Modify the code with `endswith()` so that it returns `True`.

In [None]:
# Your answer here


4. The string method `split()` splits a string into a **list**. (We will learn about lists in the next section.) Run the code below.

In [None]:
mystr = "Harry - yer a wizard."
mystr.split()

As you can see, whitespace is the separator by default. We can also specify a different separator. Run the code below.

In [None]:
mystr = "Harry - yer a wizard."
mystr.split("-")

Now the returned list has only 2 strings, instead of 5 as before.

Your turn:
* Create a variable called `my_date_str` and assign to it the string `2021-09-16`.
* Use the `split()` method to split `my_date_str` at `-`.

In [None]:
# Your answer here


We can join the elements in a list into a string with the `join()` method. For example:

In [None]:
"/".join(["2021", "09", "16"])

## Lists

Lists are used to group together several values. The items in the list can be of the same or different types.

In [None]:
odds = [1, 3, 5, 7]
odds

In [None]:
characters = ["Elizabeth", "Emma", "Elinor", "Marianne", "Anne", "Catherine", "Fanny"]
characters

In [None]:
mixed = [1, "Elizabeth", 5, "Fanny"]
mixed

**Find the length of a list**

In [None]:
odds = [1, 3, 5, 7]
len(odds)

Like strings, lists can be **indexed** and **sliced**. What we learned about indexing and slicing strings can be applied to lists as well.

In [None]:
# indexing returns an item
print(odds[0])

# slicing returns a list
print(odds[0:2])

**Concatenate list**

In [None]:
odds = odds + [9, 11, 13]
odds

Lists are **mutable**, which means we can change their content.

In [None]:
odds = [1, 3, 5, 7]
odds[2] = 6
odds

In [None]:
odds = [1, 3, 5, 7]
odds[2:4] = [15, 17]
odds

In [None]:
characters = ["Elizabeth", "Emma", "Elinor", "Marianne", "Anne", "Catherine", "Fanny"]

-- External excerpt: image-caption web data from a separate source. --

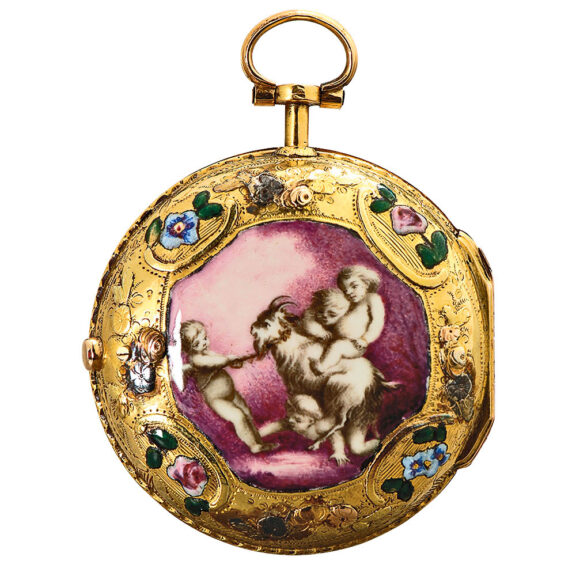 French charming gold enamel verge pocket watch Circa 1770 French charming gold enamel verge pocket watch Circa 1770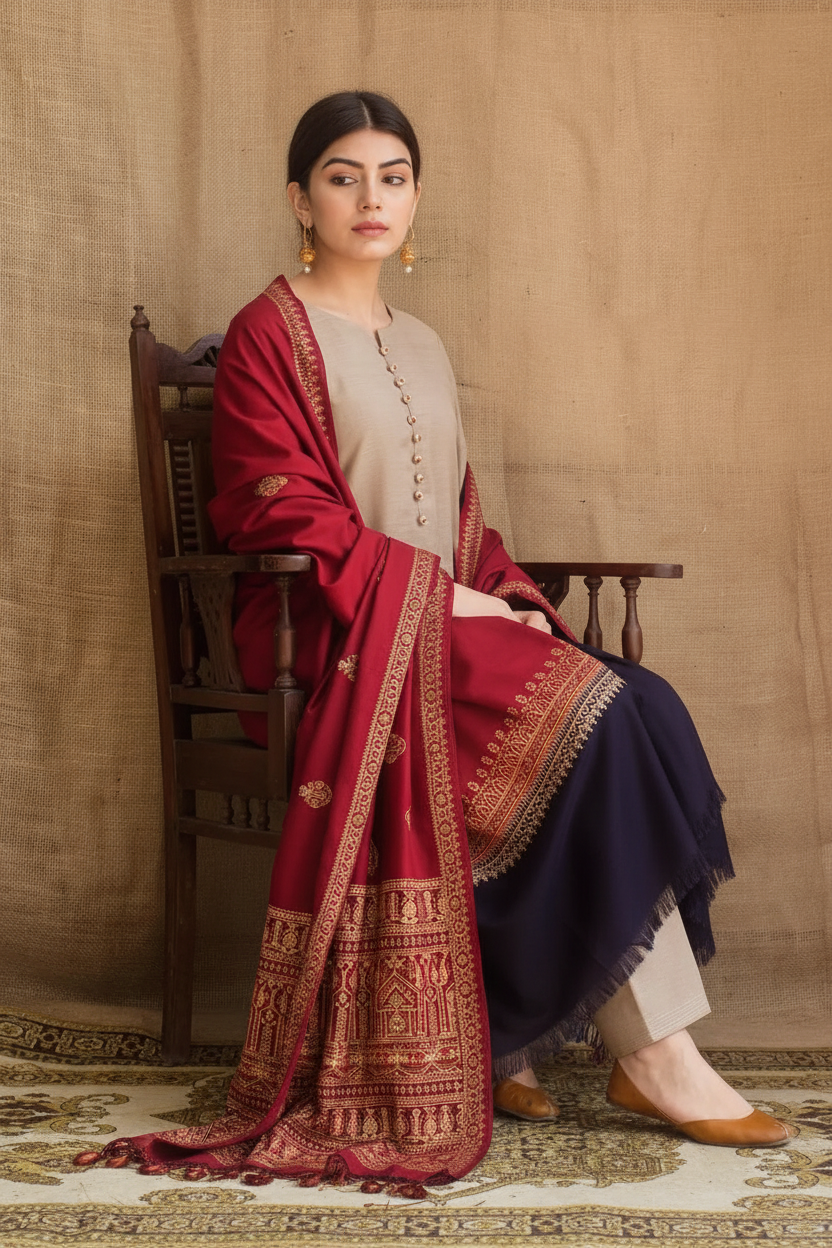 Enhanced 2K Beige Maroon Navy Shawl Outfit Heritage Setting - 266x400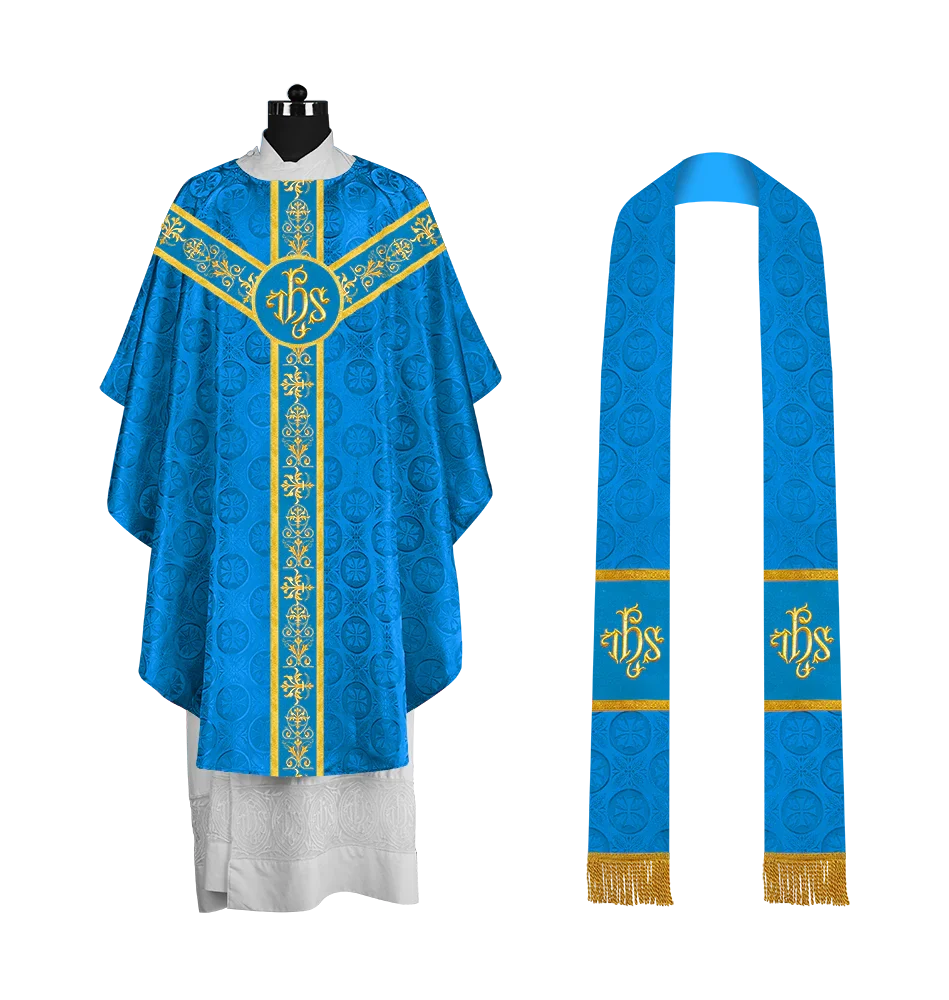 Ornate Priest Chasuble Vestment with Liturgical Embroidered Trims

# replace items in position 0 (included) to 2 (excluded)
characters[0:2] = ["Darcy", "Knightley"]
print(characters)

In [None]:
characters = ["Elizabeth", "Emma", "Elinor", "Marianne", "Anne", "Catherine", "Fanny"]

# remove items in position 3 (included) to 5 (excluded)
characters[3:5] = []
print(characters)

In [None]:
characters = ["Elizabeth", "Emma", "Elinor", "Marianne", "Anne", "Catherine", "Fanny"]

# clear the list by replacing all the elements with an empty list
characters[:] = []
print(characters)

**Nested lists**

We can create a list that contains other lists.

In [None]:
odds = [1, 3, 5, 7]
characters = ["Elizabeth", "Emma", "Fanny"]
mixed = [odds, characters]
print(mixed)

In [None]:
# get the second item in the list mixed
print(mixed[1])

In [None]:
# get the second item in the second item in the list mixed
print(mixed[1][1])

### List methods

Like strings, lists also have **methods**.

Add a value to the end of the list

In [None]:
odds = [1, 3, 5, 7]
odds.append(15)
odds

We will learn more in the next lesson!

## Technical notes

This workshop is taught using Python and Jupyter Notebook on the Interactive Data Analytics Service (IDAS) from ITS - Research Services at the University of Iowa.

Access to this workshop instance (computing environment) will end at **5 p.m. on Monday, October 31, 2022**.

**Please make sure to download all notebooks and files from this workshop instance to your personal computer**. Data are not backed up on this workshop instance. See instructions below to download a notebook from IDAS to your computer.

Current University of Iowa members can request a **free** IDAS account for research use. For more information, see https://wiki.uiowa.edu/display/hpcdocs/Requesting+An+IDAS+Account.

## Download notebooks to your computer

* Save any notebook that is running. Press **Ctrl + s** (Windows) or **Command + s** (Mac).
* In the menu bar in Jupyter Lab, click **File**, then click **Download** in the drop-down menu.